Around 40-45 per cent of the retailers do not have bank accounts and they deal in cash
Sachin Jagdale–Mumbai
Government of India’s recent move on demonetisation has negatively impacted pharma stockists and retailers in the country. Both retailers and stockists are finding it difficult to give out change to patients buying medicines, with high denomination notes, which is leading to frequent arguments.
“Till now, demonetisation has had a little impact on business with pharma companies. However, it will be difficult in the long run, as medicines cannot be procured always on credit,” says Prasad Danave, General Secretary, Maharashtra State Chemists and Druggists Association (MSCDA), Mumbai Zone.

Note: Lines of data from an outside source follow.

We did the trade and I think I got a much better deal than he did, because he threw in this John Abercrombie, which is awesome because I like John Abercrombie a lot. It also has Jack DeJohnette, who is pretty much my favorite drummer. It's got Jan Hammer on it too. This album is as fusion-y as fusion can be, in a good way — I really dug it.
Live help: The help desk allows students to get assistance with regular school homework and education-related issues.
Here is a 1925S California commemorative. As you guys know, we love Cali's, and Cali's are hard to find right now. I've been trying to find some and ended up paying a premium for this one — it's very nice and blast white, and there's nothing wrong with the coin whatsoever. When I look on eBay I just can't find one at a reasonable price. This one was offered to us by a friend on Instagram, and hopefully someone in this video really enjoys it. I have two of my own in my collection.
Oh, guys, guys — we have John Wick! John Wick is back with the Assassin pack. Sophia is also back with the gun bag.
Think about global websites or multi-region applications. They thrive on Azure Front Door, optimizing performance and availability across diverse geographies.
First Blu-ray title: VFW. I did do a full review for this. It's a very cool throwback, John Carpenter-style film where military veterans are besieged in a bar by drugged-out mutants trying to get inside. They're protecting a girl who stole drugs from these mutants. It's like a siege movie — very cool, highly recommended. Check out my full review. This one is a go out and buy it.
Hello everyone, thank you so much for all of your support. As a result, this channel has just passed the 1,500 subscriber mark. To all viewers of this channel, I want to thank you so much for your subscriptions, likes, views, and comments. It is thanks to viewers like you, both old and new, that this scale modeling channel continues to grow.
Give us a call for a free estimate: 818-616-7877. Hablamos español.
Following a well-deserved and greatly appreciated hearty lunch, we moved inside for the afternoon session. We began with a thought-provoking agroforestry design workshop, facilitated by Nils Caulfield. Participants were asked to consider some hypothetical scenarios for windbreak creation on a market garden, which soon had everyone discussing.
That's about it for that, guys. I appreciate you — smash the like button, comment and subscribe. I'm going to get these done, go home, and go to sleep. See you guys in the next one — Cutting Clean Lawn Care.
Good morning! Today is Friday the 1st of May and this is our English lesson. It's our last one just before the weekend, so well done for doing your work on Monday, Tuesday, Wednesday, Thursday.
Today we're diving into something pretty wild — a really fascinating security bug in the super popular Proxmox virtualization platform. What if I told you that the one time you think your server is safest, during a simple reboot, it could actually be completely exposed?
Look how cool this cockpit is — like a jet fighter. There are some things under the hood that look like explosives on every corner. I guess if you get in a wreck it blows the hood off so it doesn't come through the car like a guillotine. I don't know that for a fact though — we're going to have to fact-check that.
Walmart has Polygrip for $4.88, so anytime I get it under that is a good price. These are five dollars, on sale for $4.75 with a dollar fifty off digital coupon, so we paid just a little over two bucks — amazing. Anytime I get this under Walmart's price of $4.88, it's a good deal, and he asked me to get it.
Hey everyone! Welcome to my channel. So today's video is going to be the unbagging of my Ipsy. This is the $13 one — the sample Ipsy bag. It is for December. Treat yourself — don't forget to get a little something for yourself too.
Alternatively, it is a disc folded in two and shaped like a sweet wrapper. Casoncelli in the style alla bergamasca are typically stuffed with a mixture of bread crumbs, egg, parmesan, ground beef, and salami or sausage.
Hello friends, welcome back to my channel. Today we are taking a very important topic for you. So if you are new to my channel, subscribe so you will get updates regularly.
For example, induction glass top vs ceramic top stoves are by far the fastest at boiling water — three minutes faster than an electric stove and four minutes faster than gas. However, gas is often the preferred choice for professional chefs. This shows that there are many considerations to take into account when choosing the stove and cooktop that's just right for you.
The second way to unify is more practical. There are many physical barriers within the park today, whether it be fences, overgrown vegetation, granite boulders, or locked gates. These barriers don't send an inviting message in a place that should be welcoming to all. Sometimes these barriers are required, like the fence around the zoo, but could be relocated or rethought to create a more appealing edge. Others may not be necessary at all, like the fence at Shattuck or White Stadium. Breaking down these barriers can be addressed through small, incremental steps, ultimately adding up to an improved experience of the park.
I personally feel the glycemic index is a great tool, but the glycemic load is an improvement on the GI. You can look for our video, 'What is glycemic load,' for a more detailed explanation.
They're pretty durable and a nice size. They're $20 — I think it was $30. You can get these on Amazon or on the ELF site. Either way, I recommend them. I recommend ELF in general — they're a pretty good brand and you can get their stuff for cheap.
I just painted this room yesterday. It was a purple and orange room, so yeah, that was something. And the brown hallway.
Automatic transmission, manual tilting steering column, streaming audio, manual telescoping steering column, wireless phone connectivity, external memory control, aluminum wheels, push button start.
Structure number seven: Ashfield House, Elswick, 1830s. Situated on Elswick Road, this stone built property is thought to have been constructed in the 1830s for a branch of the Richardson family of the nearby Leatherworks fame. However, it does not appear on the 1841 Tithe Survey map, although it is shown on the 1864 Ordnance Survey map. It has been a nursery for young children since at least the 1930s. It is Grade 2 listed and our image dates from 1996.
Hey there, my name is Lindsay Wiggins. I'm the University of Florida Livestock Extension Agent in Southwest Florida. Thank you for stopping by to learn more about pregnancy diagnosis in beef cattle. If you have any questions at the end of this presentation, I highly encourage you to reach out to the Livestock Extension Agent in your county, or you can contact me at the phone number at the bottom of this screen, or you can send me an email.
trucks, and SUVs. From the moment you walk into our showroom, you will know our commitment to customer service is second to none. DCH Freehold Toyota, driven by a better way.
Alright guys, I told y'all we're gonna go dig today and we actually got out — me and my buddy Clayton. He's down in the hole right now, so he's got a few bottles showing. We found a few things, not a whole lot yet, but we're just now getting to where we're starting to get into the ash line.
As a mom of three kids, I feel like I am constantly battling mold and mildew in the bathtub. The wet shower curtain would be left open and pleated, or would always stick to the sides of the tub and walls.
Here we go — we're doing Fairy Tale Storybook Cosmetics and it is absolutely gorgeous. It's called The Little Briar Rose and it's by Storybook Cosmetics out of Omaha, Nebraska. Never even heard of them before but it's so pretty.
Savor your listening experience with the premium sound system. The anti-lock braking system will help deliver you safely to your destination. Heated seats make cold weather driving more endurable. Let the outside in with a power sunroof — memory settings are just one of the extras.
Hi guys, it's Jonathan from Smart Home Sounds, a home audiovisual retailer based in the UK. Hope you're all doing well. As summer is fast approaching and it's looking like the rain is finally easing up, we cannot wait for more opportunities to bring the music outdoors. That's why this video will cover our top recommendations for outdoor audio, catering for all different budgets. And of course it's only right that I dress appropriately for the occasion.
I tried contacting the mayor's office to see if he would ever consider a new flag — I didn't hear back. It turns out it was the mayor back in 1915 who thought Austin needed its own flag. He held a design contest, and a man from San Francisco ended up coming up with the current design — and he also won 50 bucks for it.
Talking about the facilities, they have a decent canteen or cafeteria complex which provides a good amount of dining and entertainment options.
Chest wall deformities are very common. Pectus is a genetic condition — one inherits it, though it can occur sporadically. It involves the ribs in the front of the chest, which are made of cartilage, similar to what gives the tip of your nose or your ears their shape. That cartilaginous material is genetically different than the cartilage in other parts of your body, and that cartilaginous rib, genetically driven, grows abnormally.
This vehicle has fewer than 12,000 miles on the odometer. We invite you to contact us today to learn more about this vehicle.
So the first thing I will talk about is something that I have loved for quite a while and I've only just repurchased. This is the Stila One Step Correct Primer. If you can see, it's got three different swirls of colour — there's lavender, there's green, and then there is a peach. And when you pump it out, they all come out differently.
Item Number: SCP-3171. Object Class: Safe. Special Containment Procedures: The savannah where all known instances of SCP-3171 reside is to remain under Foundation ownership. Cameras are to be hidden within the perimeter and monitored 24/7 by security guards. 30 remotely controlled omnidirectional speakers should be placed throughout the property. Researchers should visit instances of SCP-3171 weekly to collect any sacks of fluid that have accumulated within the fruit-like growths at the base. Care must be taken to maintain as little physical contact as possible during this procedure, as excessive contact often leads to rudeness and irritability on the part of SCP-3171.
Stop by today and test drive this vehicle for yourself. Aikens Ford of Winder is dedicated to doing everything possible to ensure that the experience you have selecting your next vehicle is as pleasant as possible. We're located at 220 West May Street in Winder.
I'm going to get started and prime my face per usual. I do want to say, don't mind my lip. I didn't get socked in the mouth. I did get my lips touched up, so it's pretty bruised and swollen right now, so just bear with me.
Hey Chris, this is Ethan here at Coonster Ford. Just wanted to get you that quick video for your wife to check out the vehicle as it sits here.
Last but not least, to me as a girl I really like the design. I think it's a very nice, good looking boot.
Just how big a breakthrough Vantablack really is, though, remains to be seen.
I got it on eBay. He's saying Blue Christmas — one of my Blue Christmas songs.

JS Shinde, President, All India Organisation of Chemists and Druggists (AIOCD), gives a broad perspective of the problem. He says, “Around 40-45 per cent of the retailers do not have bank accounts and they deal in cash only. Demonetisation has affected them badly. The situation is worst in rural areas where there is usually a lone chemist dispensing medicines. We had requested the government to allow stockists withdraw Rs 10,000 per day but our demand wasn’t met. If the situation goes on for a long time, I fear at least 30-40 per cent medicine shops in rural India will be forced to shut in days to come.”
Shinde adds, “As far as the pharma sector is concerned, not all drug manufacturers supply medicines on credit. On many occasions, we have to pay money in cash and buy medicines.”
According to Shinde, the deadline to accept old notes by stockists and retailers, is till November 24, 2016. However, problems may arise for stockists, retailers and patients, post the deadline.